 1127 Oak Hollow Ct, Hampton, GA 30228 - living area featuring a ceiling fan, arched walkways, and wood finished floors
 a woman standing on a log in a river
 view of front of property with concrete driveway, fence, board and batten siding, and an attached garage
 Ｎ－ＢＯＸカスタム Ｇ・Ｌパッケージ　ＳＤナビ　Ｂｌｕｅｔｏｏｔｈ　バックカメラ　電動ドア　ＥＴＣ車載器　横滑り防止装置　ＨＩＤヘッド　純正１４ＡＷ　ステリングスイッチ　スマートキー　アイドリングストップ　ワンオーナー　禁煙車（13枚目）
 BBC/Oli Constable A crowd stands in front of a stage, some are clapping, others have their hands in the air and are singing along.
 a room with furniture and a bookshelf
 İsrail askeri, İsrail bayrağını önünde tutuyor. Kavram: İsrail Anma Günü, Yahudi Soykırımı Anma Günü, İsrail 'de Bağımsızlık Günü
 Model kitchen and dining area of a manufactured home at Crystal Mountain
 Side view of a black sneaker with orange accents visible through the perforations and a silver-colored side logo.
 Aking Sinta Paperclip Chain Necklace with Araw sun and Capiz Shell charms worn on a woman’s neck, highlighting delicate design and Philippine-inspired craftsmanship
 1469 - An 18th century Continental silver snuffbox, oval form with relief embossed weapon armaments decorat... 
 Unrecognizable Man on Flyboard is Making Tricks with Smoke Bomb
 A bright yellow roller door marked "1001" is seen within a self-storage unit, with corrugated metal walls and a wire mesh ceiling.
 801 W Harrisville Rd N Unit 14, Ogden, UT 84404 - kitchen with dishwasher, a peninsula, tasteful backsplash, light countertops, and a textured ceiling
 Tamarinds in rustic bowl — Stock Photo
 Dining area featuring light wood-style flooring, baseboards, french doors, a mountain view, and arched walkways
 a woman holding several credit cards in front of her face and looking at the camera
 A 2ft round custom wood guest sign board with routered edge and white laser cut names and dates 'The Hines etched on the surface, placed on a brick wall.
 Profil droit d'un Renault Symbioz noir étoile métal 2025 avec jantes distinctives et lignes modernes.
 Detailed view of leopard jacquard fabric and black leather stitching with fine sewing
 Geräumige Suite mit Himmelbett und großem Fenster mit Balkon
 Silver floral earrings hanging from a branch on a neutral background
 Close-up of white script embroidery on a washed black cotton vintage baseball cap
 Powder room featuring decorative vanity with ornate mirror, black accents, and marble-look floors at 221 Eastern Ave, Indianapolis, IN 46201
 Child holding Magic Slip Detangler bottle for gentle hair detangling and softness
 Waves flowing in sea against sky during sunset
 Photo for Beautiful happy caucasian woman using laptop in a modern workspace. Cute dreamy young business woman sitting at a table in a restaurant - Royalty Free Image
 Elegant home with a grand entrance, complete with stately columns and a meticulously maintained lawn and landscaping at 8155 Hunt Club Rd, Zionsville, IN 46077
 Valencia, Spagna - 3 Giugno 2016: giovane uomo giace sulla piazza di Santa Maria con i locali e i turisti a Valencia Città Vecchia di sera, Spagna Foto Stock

━━━━━━

### Task details
From the first line of the data above to the line containing "Geräumige Suite mit", repeat everything exactly and add nothing.

### Expected answer
 1127 Oak Hollow Ct, Hampton, GA 30228 - living area featuring a ceiling fan, arched walkways, and wood finished floors
 a woman standing on a log in a river
 view of front of property with concrete driveway, fence, board and batten siding, and an attached garage
 Ｎ－ＢＯＸカスタム Ｇ・Ｌパッケージ　ＳＤナビ　Ｂｌｕｅｔｏｏｔｈ　バックカメラ　電動ドア　ＥＴＣ車載器　横滑り防止装置　ＨＩＤヘッド　純正１４ＡＷ　ステリングスイッチ　スマートキー　アイドリングストップ　ワンオーナー　禁煙車（13枚目）
 BBC/Oli Constable A crowd stands in front of a stage, some are clapping, others have their hands in the air and are singing along.
 a room with furniture and a bookshelf
 İsrail askeri, İsrail bayrağını önünde tutuyor. Kavram: İsrail Anma Günü, Yahudi Soykırımı Anma Günü, İsrail 'de Bağımsızlık Günü
 Model kitchen and dining area of a manufactured home at Crystal Mountain
 Side view of a black sneaker with orange accents visible through the perforations and a silver-colored side logo.
 Aking Sinta Paperclip Chain Necklace with Araw sun and Capiz Shell charms worn on a woman’s neck, highlighting delicate design and Philippine-inspired craftsmanship
 1469 - An 18th century Continental silver snuffbox, oval form with relief embossed weapon armaments decorat... 
 Unrecognizable Man on Flyboard is Making Tricks with Smoke Bomb
 A bright yellow roller door marked "1001" is seen within a self-storage unit, with corrugated metal walls and a wire mesh ceiling.
 801 W Harrisville Rd N Unit 14, Ogden, UT 84404 - kitchen with dishwasher, a peninsula, tasteful backsplash, light countertops, and a textured ceiling
 Tamarinds in rustic bowl — Stock Photo
 Dining area featuring light wood-style flooring, baseboards, french doors, a mountain view, and arched walkways
 a woman holding several credit cards in front of her face and looking at the camera
 A 2ft round custom wood guest sign board with routered edge and white laser cut names and dates 'The Hines etched on the surface, placed on a brick wall.
 Profil droit d'un Renault Symbioz noir étoile métal 2025 avec jantes distinctives et lignes modernes.
 Detailed view of leopard jacquard fabric and black leather stitching with fine sewing
 Geräumige Suite mit Himmelbett und großem Fenster mit Balkon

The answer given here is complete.